AgentTypo: Adaptive Typographic Prompt Injection Attacks against Black-box Multimodal Agents

Multimodal agents built on large vision-language models (LVLMs) are increasingly deployed in open-world settings but remain highly vulnerable to prompt injection, especially through visual inputs. We introduce AgentTypo, a black-box red-teaming framework that mounts adaptive typographic prompt injection by embedding optimized text into webpage images. Our automatic typographic prompt injection (ATPI) algorithm maximizes prompt reconstruction by substituting captioners while minimizing human detectability via a stealth loss, with a Tree-structured Parzen Estimator guiding black-box optimization over text placement, size, and color. To further enhance attack strength, we develop AgentTypo-pro, a multi-LLM system that iteratively refines injection prompts using evaluation feedback and retrieves successful past examples for continual learning. Effective prompts are abstracted into generalizable strategies and stored in a strategy repository, enabling progressive knowledge accumulation and reuse in future attacks.

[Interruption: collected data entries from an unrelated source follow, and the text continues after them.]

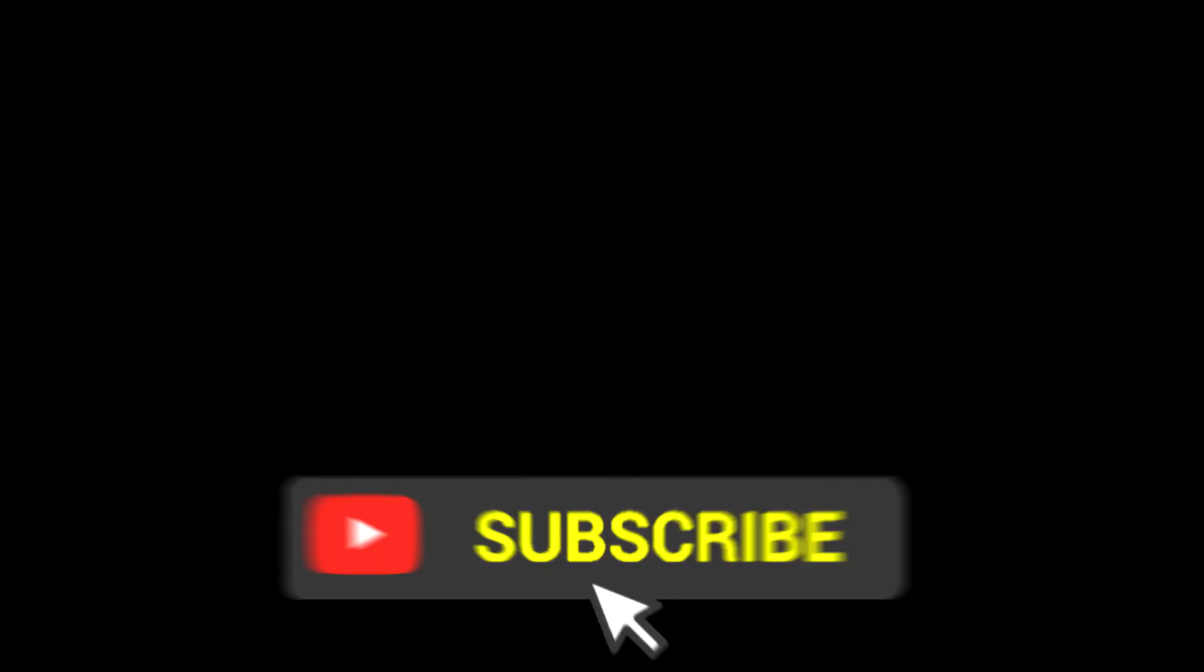Problem solved. Subscribe. Don't forget to subscribe.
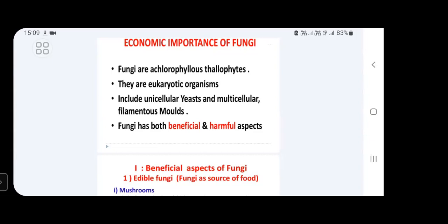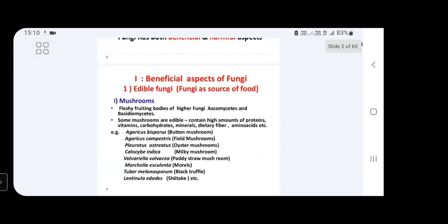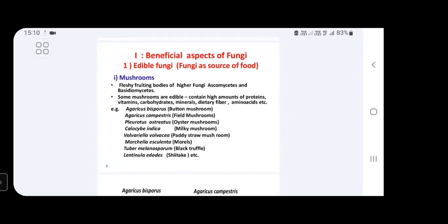In this topic — economic importance of fungi — we will discuss two aspects: beneficial aspects of fungi and harmful aspects of fungi. We will discuss in what way fungi are useful and in what way they are harmful to human beings. Under beneficial aspects, we will classify under various subheadings.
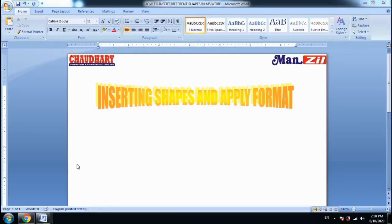Hello students! Welcome back! I am Aarti from Chaudhary Computers and Commercial College. In today's video, we will learn how to insert different shapes in MS Word and apply the format. So let's start today's video.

Experiments on the VWA-Adv benchmark across Classifieds, Shopping, and Reddit scenarios show that AgentTypo significantly outperforms the latest image-based attacks such as AgentAttack. On GPT-4o agents, our image-only attack raises the success rate from 0.23 to 0.45, with consistent results across GPT-4V, GPT-4o-mini, Gemini 1.5 Pro, and Claude 3 Opus. In image+text settings, AgentTypo achieves 0.68 ASR, also outperforming the latest baselines. Our findings reveal that AgentTypo poses a practical and potent threat to multimodal agents and highlight the urgent need for effective defense.